Oui, la cocotologie est, finalement, une marque déposée marocaine.

Chabat, par exemple… Cet individu avait qualifié le « leader » du PPS Nabil Benabdallah de « saleté qui s’insinue entre l’ongle et la peau », et le journal du parti de Chabat, dirigé par le président du syndicat corporatiste avait dit du même PPS que « c’est un parti qui a une peau de colle, et qui est ainsi resté collé aux différents gouvernements qu’a connus le Maroc durant 15 ans, sacrifiant tout à cela, ne prêtant aucune attention au prix à payer pour cette colle ». Il avait ajouté, suavement, que « Benabdallah et ses camarades savent bien que tel est le sort de leur formation, le collage, la colle ».

Chabat avait aussi indiqué que le gouvernement de Benkirane est « un gang organisé », pendant que Benkirane disait de Chabat qu’il était un « menteur », qu’il était ce « clown de Fès »… et autres joyeusetés.
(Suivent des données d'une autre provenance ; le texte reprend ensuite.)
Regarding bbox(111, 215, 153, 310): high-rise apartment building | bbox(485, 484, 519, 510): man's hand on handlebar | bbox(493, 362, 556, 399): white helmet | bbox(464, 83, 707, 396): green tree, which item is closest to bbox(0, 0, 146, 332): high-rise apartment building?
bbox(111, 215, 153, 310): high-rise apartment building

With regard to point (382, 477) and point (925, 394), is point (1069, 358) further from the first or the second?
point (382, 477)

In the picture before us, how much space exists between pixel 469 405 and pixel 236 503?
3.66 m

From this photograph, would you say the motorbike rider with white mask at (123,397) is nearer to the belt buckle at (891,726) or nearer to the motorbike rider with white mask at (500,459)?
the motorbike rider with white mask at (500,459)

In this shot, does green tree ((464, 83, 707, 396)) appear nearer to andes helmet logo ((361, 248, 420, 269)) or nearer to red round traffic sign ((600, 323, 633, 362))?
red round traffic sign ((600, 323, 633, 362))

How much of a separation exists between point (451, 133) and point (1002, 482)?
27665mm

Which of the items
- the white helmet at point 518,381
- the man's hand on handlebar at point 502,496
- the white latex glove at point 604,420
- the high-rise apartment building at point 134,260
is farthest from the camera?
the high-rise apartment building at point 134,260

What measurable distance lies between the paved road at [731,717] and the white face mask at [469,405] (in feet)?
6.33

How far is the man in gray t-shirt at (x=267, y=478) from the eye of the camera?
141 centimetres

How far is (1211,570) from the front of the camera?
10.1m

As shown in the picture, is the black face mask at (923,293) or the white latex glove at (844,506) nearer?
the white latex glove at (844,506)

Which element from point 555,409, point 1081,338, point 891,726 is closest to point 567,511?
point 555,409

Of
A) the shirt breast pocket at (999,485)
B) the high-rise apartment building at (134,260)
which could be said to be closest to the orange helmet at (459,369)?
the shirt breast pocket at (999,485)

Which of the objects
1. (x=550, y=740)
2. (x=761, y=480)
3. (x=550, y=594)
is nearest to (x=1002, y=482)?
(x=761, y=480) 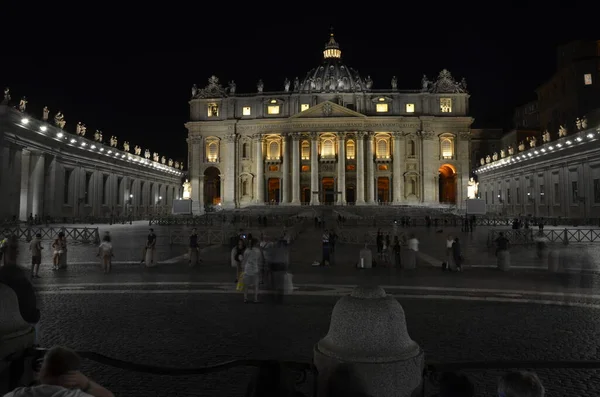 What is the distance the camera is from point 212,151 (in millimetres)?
82125

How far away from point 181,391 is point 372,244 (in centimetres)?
2088

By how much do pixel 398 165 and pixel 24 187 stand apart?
183 ft

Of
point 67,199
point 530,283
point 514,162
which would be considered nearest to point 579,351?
point 530,283

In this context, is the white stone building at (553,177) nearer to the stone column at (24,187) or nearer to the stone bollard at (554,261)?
the stone bollard at (554,261)

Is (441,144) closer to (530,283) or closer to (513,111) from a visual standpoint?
(513,111)

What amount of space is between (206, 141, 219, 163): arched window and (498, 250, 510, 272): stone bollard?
70172 millimetres

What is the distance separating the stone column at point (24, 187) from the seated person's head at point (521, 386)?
45679 mm

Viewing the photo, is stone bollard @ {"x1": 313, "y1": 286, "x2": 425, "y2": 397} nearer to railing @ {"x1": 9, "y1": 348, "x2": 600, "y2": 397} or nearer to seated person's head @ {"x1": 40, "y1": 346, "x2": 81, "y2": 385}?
railing @ {"x1": 9, "y1": 348, "x2": 600, "y2": 397}

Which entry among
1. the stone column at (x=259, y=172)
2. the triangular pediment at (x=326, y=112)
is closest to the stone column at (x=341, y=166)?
the triangular pediment at (x=326, y=112)

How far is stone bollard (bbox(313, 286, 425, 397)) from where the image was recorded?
3.92m

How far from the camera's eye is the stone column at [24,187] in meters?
41.5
Mais aujourd’hui, et du fait de la cuisson rapide et sous pression, sous forte pression,  PJD, PPS et Istiqlal se dressent au son du même sifflet, celui de la cocotte, et émettent les mêmes stridulations en vue des prochaines élections, où tout sera permis, où les ingrédients mis dans la même cocotte conduiront au même mets savoureux pour eux trois.

Et puis, très rapidement, Benkirane et ses amis ont découvert que l’Etat au Maroc est en fait double et Chabat a pris conscience que ce gouvernement qu’il avait quitté avec perte et fracas est bien meilleur que cette maudite opposition dans laquelle il se trouve encore aujourd’hui englué. Quant aux amis de Benabdallah, et pour reprendre le mot de Saïd Fekkak, membre du Politburo du PPS, que « Benkirane est l’homme par excellence de l’histoire moderne du pays »… et paix aux âmes d’Ali Yata et d’Aziz Belal.

La cocotologie, c’est nous, c’est bien nous et rien que nous.

C’est une cocotte-minute qui fait que la politique découvre subitement le Maroc, le temps d’une campagne électorale, et crache des propos aussi vides que la vapeur d’une cocotte et aussi furtifs que le sifflement de la même cocotte.

La cocotologie, c’est se réveiller un beau matin au milieu du Maroc des Grands et se retrouver face à des leaders cocottisés, écrasés sous la pression, un Benkirane comme chef du gouvernement, un Benabdallah dirigeant le parti de Yata et de Belal, un Chabat successeur improbable de Boucetta, un Lachgar affalé, essoufflé, dans le fauteuil de Bouabid…

La cocotologie, c’est se retrouver, en toute simplicité, face à une bonne tambouille bien de chez nous mais à la cuisson inachevée… pour cause de précipitation dans la préparation des ingrédients.

La cocotologie, c’est comprendre que nous en sommes à une ère de « riendutologie », qui nous accable avec ses riens et son Néant, qui multiplie les noms et invente des surnoms, qui est incapable de nous fournir ne serait-ce qu’une idée solvable…

La cocotologie a ses dirigeants et ses leaders qui, contrairement à l’origami, n’ont pas besoin d’être pliés avec adresse car ils se sont eux-mêmes pliés aux caresses et ont multiplié les bassesses.